══ SOURCE MATERIAL
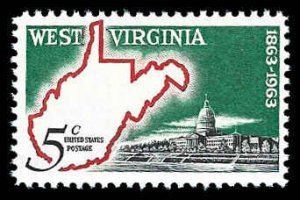 PCBstamps   US #1232 5c West Virginia Statehood, MNH, (5)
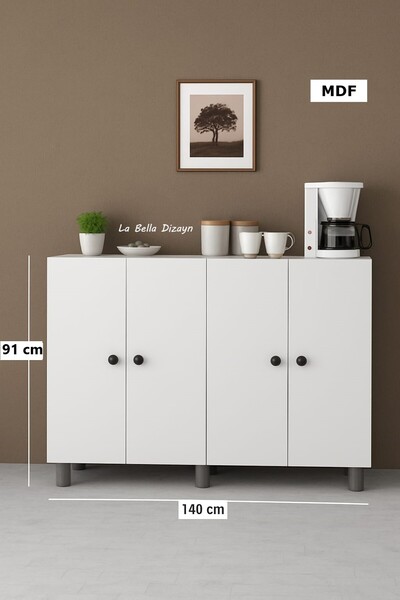 la bella dizayn 4 Kapaklı Çok Amaçlı Dolap 140 cm Mdf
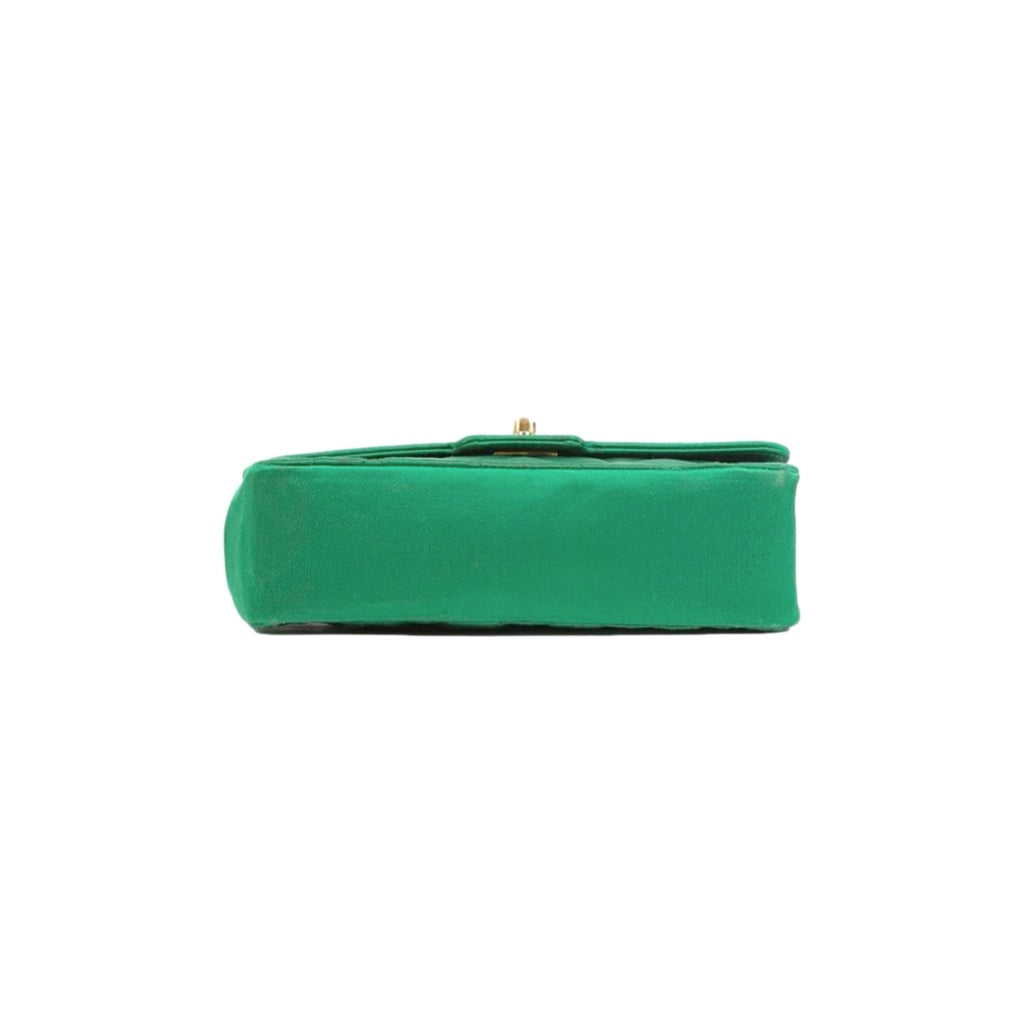Chanel Green Satin Chain Flap Bag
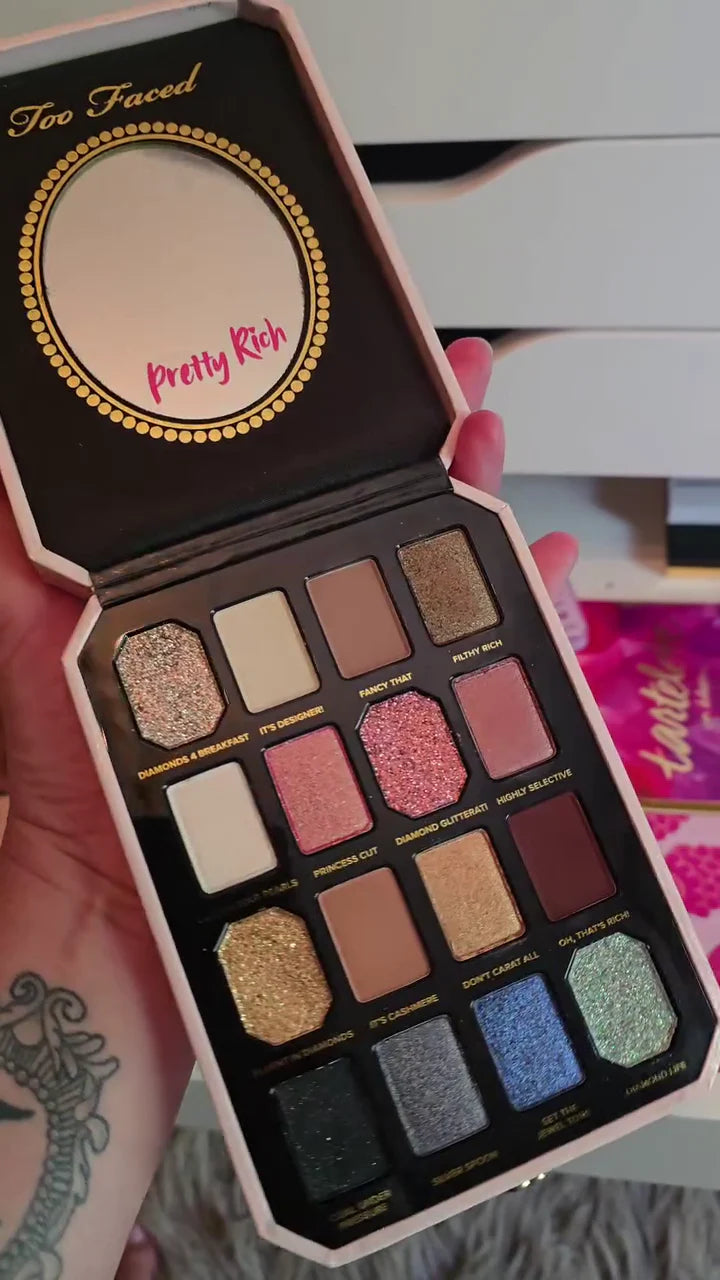 Too Faced Pretty Rich Diamond-Inspired Eyeshadow Palette – 16 Luxe Shades with Matte, Metallic, Satin and Glitter Finishes for Sparkling Glam and Everyday Wear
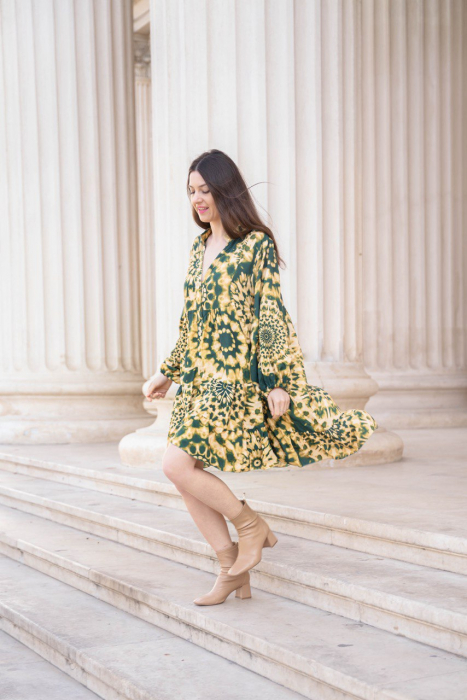 Rochie tip bluza, pe fond verde cu galben [2]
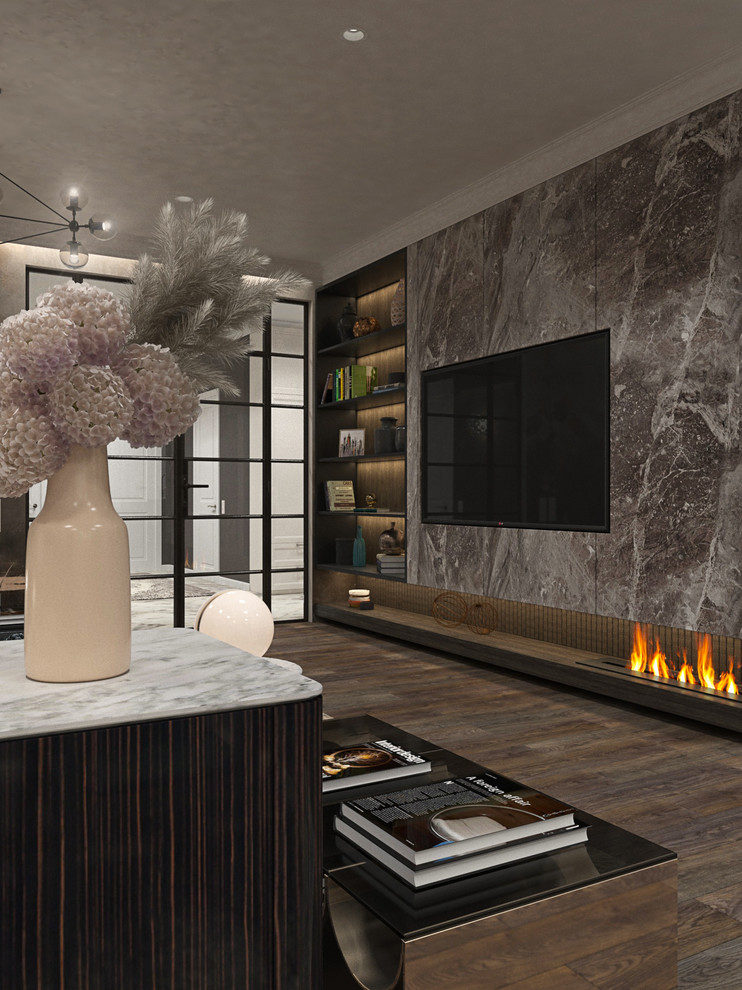 Гостиная, кухня и полноценная столовая в одном помещении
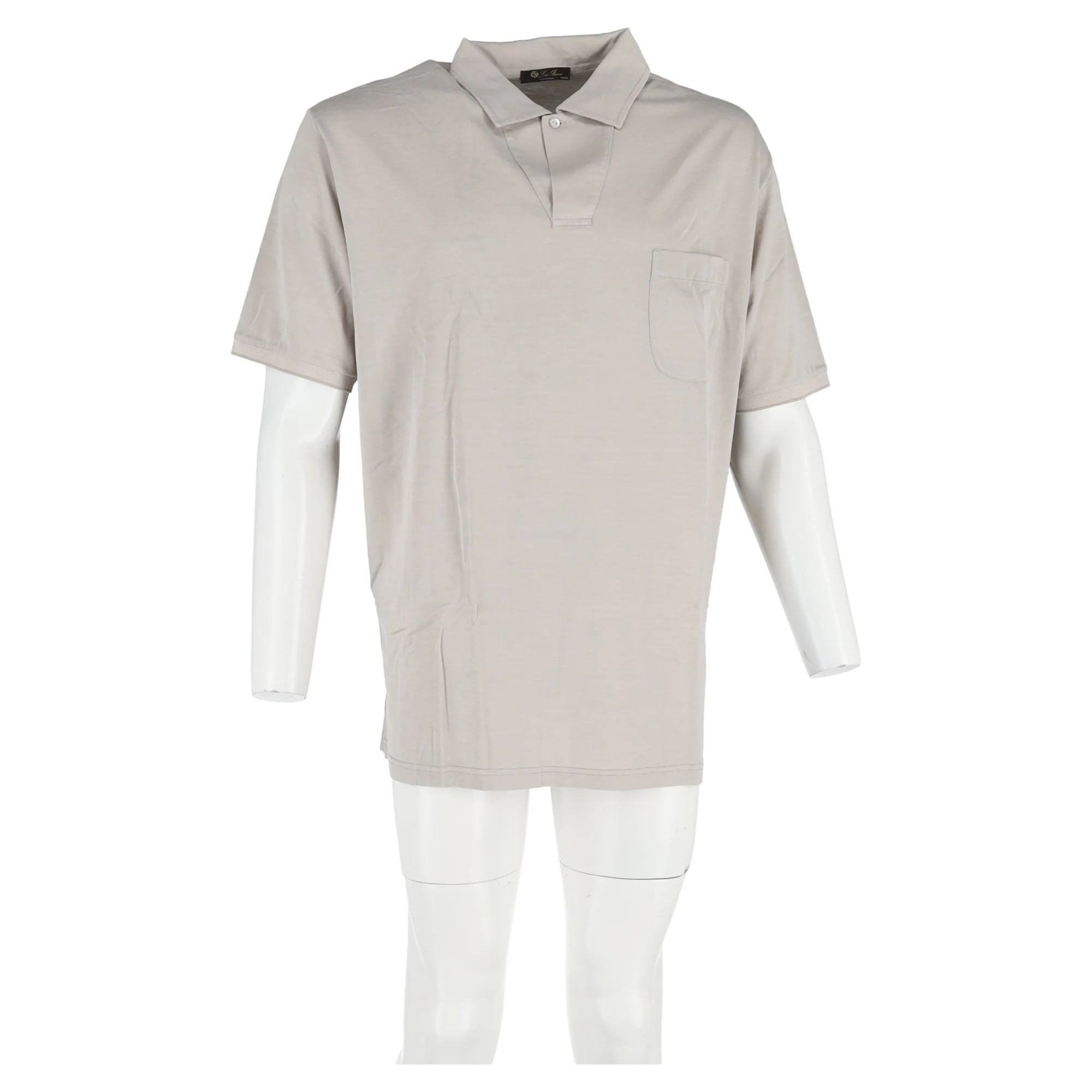 Men's Loro Piana Polo Shirt in Grey Cotton - Image 4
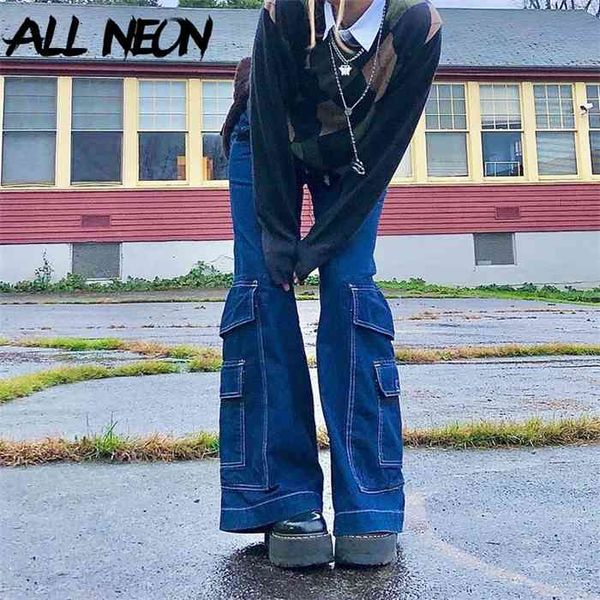 allneon y2k fashion big pockets baggy jeans e-girl vintage high waist denim trousers hip hop loose straight pants streetwear, Blue
allneon y2k fashion big pockets baggy jeans e-girl vintage high waist denim trousers hip hop loose straight pants streetwear, Blue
════
### YOUR GOAL
Exact repetition of the data is needed, with no images retained.

### REPLY TO THE EXERCISE
 PCBstamps   US #1232 5c West Virginia Statehood, MNH, (5)
 la bella dizayn 4 Kapaklı Çok Amaçlı Dolap 140 cm Mdf
Chanel Green Satin Chain Flap Bag
 Too Faced Pretty Rich Diamond-Inspired Eyeshadow Palette – 16 Luxe Shades with Matte, Metallic, Satin and Glitter Finishes for Sparkling Glam and Everyday Wear
 Rochie tip bluza, pe fond verde cu galben [2]
 Гостиная, кухня и полноценная столовая в одном помещении
 Men's Loro Piana Polo Shirt in Grey Cotton - Image 4
 allneon y2k fashion big pockets baggy jeans e-girl vintage high waist denim trousers hip hop loose straight pants streetwear, Blue
allneon y2k fashion big pockets baggy jeans e-girl vintage high waist denim trousers hip hop loose straight pants streetwear, Blue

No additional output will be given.